- Court: Constitutional Court of South Africa
- Full case name: Jaftha v Schoeman and Others; Van Rooyen v Stoltz and Others
- Decided: 8 October 2004
- Docket nos.: CCT 74/03
- Citations: [2004] ZACC 25; 2005 (2) SA 140 (CC); 2005 (1) BCLR 78 (CC)

Case history
- Appealed from: Jaftha v Schoeman and Others [2003] ZAWCHC 26 in the High Court of South Africa, Cape of Good Hope Provincial Division

Court membership
- Judges sitting: Chaskalson CJ, Langa DCJ, Moseneke J, Mokgoro J, Ngcobo J, O’Regan J, Sachs J, Skweyiya J, van der Westhuizen J and Yacoob J

Case opinions
- Decision by: Mokgoro J (unanimous)

= Jaftha v Schoeman =

South African legal case

Jaftha v Schoeman and Others, Van Rooyen v Stoltz and Others is an important case in South African civil procedure and property law, decided in the Constitutional Court of South Africa on 8 October 2004. The court held unanimously that the Magistrates' Courts Act, 1944 was unconstitutional insofar as it did not provide for judicial oversight over sales in execution against the immovable property of judgment debtors. In a judgment written by Justice Yvonne Mokgoro, the court found that sales in execution limited the debtor's constitutional right to housing and that the prevailing execution scheme was overbroad because it permitted such sales to proceed even in circumstances where they limited that right unjustifiably.

== Background ==
The applicants, Maggie Jaftha and Christina van Rooyen, were unemployed residents of Prince Albert, a small town in the Little Karoo. Each had defaulted on a debt – Jaftha on a loan of R250 taken out in 1998, and Schoeman on a loan of approximately R190 taken out in 1995 – and had lost their homes on 17 August 2001, when each property was separately sold in execution for amounts of R5,000 and R1,000 respectively pursuant to proceedings by their creditors in the Prince Albert Magistrate's Court.

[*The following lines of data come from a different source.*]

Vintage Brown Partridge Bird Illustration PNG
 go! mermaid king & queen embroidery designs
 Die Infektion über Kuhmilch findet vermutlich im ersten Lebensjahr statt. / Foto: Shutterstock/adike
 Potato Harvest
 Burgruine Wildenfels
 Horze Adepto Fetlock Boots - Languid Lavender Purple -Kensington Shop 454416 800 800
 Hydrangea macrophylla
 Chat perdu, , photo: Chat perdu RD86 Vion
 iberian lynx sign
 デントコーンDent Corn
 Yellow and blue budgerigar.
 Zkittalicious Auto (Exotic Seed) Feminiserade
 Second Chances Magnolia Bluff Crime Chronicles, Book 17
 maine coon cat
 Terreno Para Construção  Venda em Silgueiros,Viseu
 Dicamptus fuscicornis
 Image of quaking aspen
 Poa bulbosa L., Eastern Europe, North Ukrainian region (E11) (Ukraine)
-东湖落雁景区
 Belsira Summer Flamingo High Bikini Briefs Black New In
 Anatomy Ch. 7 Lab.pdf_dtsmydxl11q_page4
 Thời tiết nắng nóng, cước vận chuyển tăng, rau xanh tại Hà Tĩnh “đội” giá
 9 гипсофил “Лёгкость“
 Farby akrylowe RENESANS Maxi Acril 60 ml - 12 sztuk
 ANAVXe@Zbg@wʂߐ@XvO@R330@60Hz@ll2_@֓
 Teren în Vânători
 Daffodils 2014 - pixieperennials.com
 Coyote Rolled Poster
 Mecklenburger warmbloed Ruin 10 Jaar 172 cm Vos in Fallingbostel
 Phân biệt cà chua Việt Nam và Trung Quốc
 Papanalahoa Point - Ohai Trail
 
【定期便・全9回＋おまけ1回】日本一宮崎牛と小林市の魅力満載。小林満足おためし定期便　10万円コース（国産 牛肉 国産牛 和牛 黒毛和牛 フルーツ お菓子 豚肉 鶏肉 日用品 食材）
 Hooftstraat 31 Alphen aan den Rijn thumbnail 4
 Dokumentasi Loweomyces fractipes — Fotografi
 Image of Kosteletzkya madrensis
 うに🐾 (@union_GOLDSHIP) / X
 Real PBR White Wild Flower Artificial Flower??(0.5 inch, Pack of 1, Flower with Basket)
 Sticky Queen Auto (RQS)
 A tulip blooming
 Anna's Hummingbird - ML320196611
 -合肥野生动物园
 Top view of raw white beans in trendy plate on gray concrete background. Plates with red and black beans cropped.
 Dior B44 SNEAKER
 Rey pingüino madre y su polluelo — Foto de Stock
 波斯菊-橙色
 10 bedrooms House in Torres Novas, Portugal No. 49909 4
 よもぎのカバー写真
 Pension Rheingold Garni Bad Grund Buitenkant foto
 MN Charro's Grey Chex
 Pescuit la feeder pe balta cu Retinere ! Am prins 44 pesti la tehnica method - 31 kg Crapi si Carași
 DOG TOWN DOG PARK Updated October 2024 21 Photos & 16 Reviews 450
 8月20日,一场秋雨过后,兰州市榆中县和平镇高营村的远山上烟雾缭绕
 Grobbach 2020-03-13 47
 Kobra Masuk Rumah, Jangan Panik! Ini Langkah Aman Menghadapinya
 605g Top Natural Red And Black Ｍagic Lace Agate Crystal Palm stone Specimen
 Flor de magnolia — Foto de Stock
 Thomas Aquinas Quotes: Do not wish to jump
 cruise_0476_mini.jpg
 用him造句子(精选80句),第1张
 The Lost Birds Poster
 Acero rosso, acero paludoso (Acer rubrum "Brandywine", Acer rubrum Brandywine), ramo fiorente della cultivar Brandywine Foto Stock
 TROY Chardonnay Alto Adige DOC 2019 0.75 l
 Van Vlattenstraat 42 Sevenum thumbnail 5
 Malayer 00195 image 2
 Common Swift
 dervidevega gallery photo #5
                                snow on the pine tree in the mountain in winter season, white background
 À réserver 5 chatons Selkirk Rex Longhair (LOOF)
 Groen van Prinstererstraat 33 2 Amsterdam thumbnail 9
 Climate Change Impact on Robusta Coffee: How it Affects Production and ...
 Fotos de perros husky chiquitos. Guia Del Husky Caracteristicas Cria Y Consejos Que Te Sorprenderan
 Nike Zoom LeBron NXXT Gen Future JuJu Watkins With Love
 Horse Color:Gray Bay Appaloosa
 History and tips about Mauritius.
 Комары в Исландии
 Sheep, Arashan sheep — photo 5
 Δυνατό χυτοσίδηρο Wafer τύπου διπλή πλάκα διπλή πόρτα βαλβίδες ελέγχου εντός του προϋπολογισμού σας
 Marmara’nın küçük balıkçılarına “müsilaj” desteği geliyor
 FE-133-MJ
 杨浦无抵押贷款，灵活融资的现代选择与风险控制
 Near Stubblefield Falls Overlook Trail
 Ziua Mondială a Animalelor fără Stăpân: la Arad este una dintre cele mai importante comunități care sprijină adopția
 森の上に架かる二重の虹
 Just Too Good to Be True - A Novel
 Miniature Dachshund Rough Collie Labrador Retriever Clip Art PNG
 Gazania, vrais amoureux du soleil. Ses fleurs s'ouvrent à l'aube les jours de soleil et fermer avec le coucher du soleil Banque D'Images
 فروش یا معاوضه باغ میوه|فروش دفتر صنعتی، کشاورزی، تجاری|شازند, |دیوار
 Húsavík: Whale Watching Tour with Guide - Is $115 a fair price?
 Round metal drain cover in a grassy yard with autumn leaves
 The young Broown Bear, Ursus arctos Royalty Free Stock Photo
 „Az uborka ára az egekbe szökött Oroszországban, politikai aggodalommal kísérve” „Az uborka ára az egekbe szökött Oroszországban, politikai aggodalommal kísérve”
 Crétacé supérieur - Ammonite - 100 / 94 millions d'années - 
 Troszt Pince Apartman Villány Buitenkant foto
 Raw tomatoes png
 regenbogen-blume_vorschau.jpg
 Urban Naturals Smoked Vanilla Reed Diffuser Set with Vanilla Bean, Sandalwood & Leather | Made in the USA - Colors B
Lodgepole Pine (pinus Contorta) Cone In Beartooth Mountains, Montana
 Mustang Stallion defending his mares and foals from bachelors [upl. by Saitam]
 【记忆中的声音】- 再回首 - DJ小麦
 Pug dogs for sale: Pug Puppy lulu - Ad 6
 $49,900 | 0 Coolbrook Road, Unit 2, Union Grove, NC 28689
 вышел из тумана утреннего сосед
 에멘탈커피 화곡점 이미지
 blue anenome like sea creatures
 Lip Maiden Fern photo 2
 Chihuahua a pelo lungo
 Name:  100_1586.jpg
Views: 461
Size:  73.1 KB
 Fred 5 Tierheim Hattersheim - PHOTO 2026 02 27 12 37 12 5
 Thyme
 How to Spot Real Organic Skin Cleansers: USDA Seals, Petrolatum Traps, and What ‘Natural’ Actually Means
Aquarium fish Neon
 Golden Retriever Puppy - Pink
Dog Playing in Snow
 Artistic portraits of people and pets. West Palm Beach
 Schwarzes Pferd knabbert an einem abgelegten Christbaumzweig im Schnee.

Jaftha and van Rooyen applied to the High Court of South Africa for orders setting aside the sales and executions, and interdicting certain of the respondents from taking transfer of their homes. The basis of the applications was the asserted unconstitutionality of section 66(1) of the Magistrates' Courts Act, 1944, which governed the sale in execution of property for the satisfaction of debts. Their applications were conjoined, because of their similarities, and were opposed by the Minister of Justice and Constitutional Development. In June 2003, the High Court's Cape of Good Hope Provincial Division dismissed their argument, finding that the applicants could either vacate the premises or remain in occupation. If they chose to stay, the new owners would have to evict them according to in terms of the Prevention of Illegal Eviction from and Unlawful Occupation of Land Act, 1998. Jaftha and van Rooyen appealed to the Constitutional Court of South Africa, which heard the matter on 11 May 2004.

== Judgment ==
In a unanimous judgment delivered on 8 October 2004, Justice Yvonne Mokgoro upheld the appeal. The court held that section 66(1)(a) of the Magistrates' Courts Act was unconstitutional and invalid insofar as it failed "to provide judicial oversight over sales in execution against immovable property of judgment debtors". The finding of unconstitutionality rested on the debtors' right to housing as enshrined in section 26 of the Constitution. In interpreting the right to housing, Mokgoro drew on international law, specifically considering Article 11(1) of the International Covenant on Economic, Social and Cultural Rights, 1966, and, in particular, the Committee on Economic, Social and Cultural Rights's General Comment 4 on the interpretation of Article 11(1). While the text of Article 11(1) led Mokgoro to emphasise the requirement of adequate housing, General Comment 4 inspired her emphasis on security of tenure and legal protections for the same. Moreover, security of tenure was doubly important in South Africa because of the country's apartheid history of forced removals.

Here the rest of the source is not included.